NB_dbsrv consuming 100% of CPU
Hi all,
I'm experiencying the same issue as https://www-secure.symantec.com/connect/forums/heavy-load-emm-db-high-cpu-utilization... with NBU 7.1.0.4 on hpux master server and having a lot of jobs starting but going to queue state showing "Waiting in NetBackup scheduler work queue on server ..." I noted that NB_dbsrv is consuming 100% of CPU... I do not have a big EMM_DATA.db file as you can see below:
ebrbsnp05 >> find /nbdb_catalog -name EMM_DATA.db
/nbdb_catalog/data/EMM_DATA.db
ebrbsnp05 >> ls -l /nbdb_catalog/data/EMM_DATA.db
-rw------- 1 root sys 51531776 Aug 15 12:26 /nbdb_catalog/data/EMM_DATA.db
ebrbsnp05 >> du -k /nbdb_catalog/data/EMM_DATA.db
50324 /nbdb_catalog/data/EMM_DATA.db
ebrbsnp05 >>
But I'm having 100 active jobs and 140 queued... all of the queued jobs are "Waiting in NetBackup scheduler work queue on server <master server name>"

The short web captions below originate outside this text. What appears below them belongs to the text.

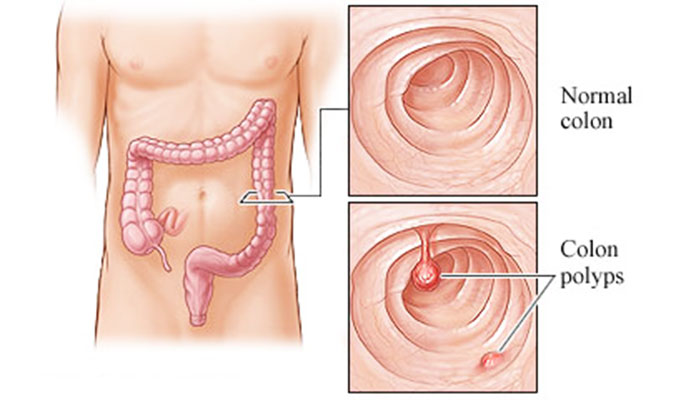 10-causes-of-colon-polyps-new-life-ticket-part-4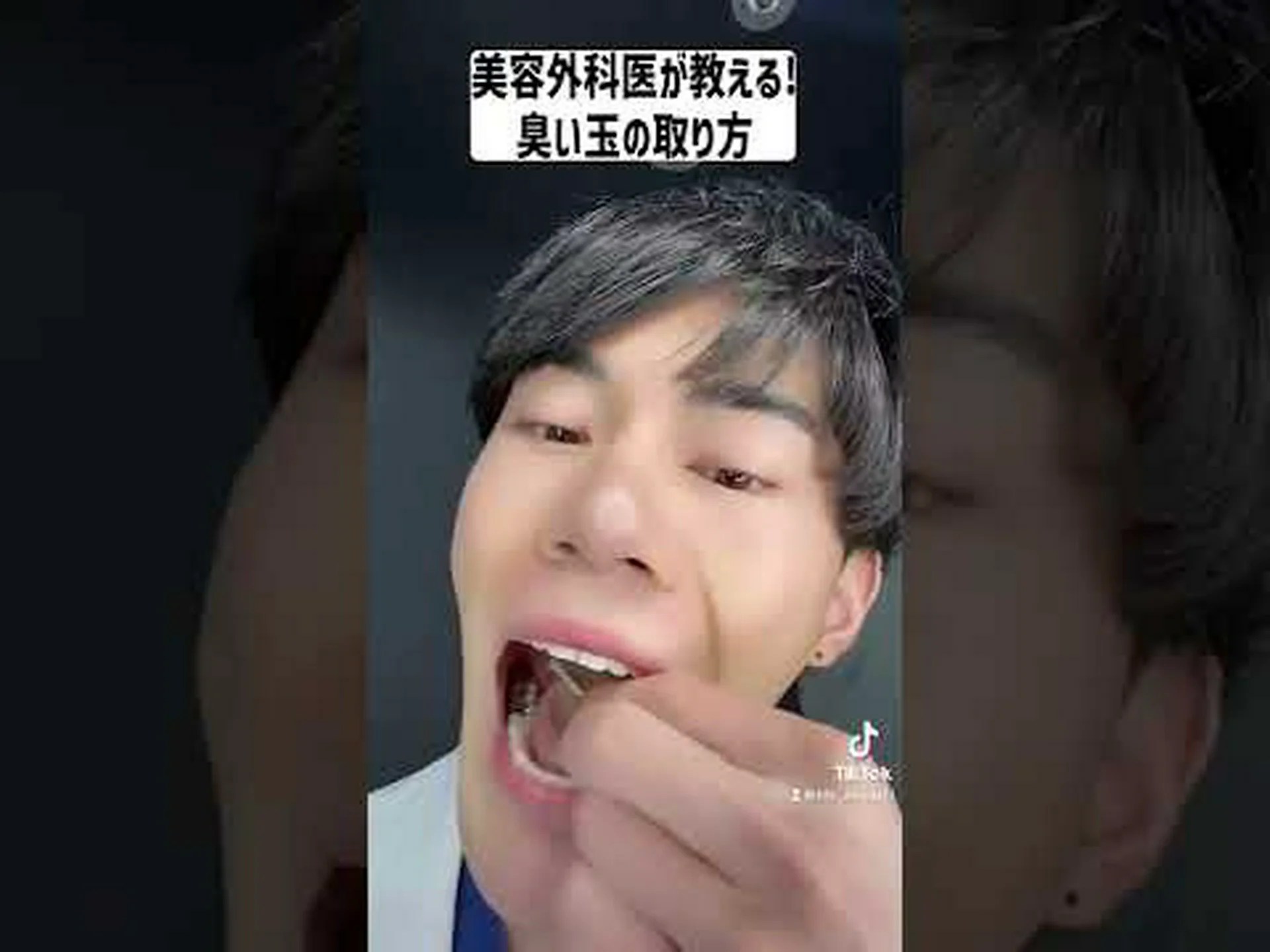 鳥:尻の分泌物の匂いは何のためにあるのか 鳥:尻の分泌物の匂いは何のためにあるのか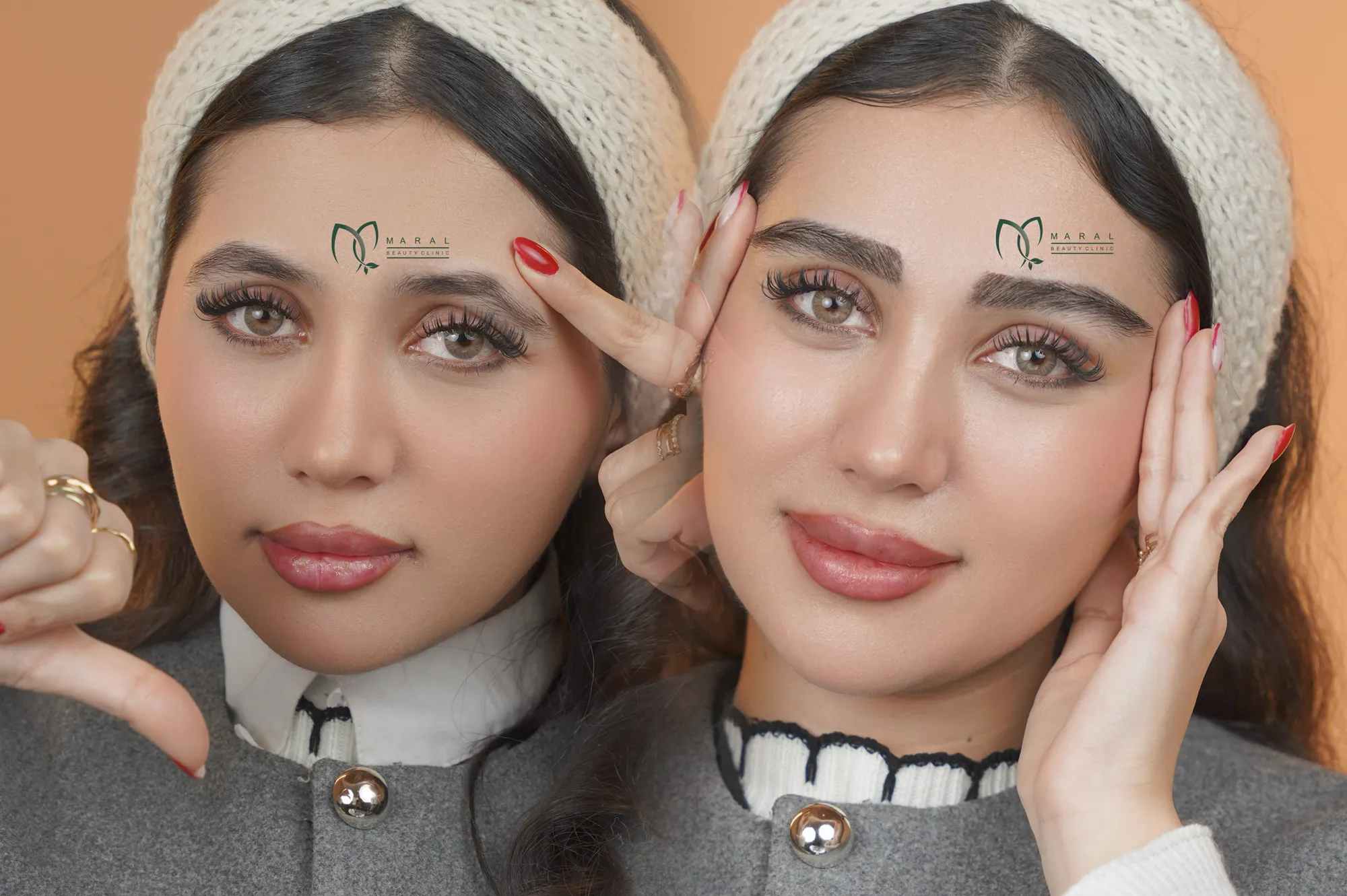 هزینه کاشت ابرو طبیعی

I have opened a case with Symantec but it looks like they have not a clear understanding about the issue.
Have you finally got a solution for this case? How does the nbdb rebuild/reorganize that mph999 suggested above work? Did this help? Have you tried this?
Let me mention that I tried to perform this rebuild/reorganize yesterday, but I got an error while trying to take a backup of the nbdb vefore to do the first rebuild (I tried to take a backup of the nbdb just to be safe)... see below what I got...
I'm receiving the following error Segmentation fault (core dumped) when trying to perform a backup of the NDBD... could you please give us a hand?
Check below pleaseā¦
ebrbsnp05 >> /usr/openv/netbackup/bin/nbdbms_start_stop start
ebrbsnp05 >> ../bpps -x
NB Processes
------------
root 11363 1 0 11:22:32 ? 0:00 /usr/openv/db//bin/NB_dbsrv @/usr/openv/var/global/server.conf @/usr/openv/var/global/databases.conf -hn 7
MM Processes
------------
Shared Symantec Processes
-------------------------
root 11324 1 0 11:22:27 ? 0:00 /opt/VRTSpbx/bin/pbx_exchange
ebrbsnp05 >> /usr/openv/db/bin/nbdb_ping
Database [NBDB] is alive and well on server [NB_ebrvmsnp01].
ebrbsnp05 >> mkdir /nbdb_catalog/backup
ebrbsnp05 >> /usr/openv/db/bin/nbdb_backup -dbn NBDB -online /nbdb_catalog/backup/backup1
Segmentation fault (core dumped)
ebrbsnp05 >>
Symantec is looking into some logs now... could anybody please help? Thanks in advance...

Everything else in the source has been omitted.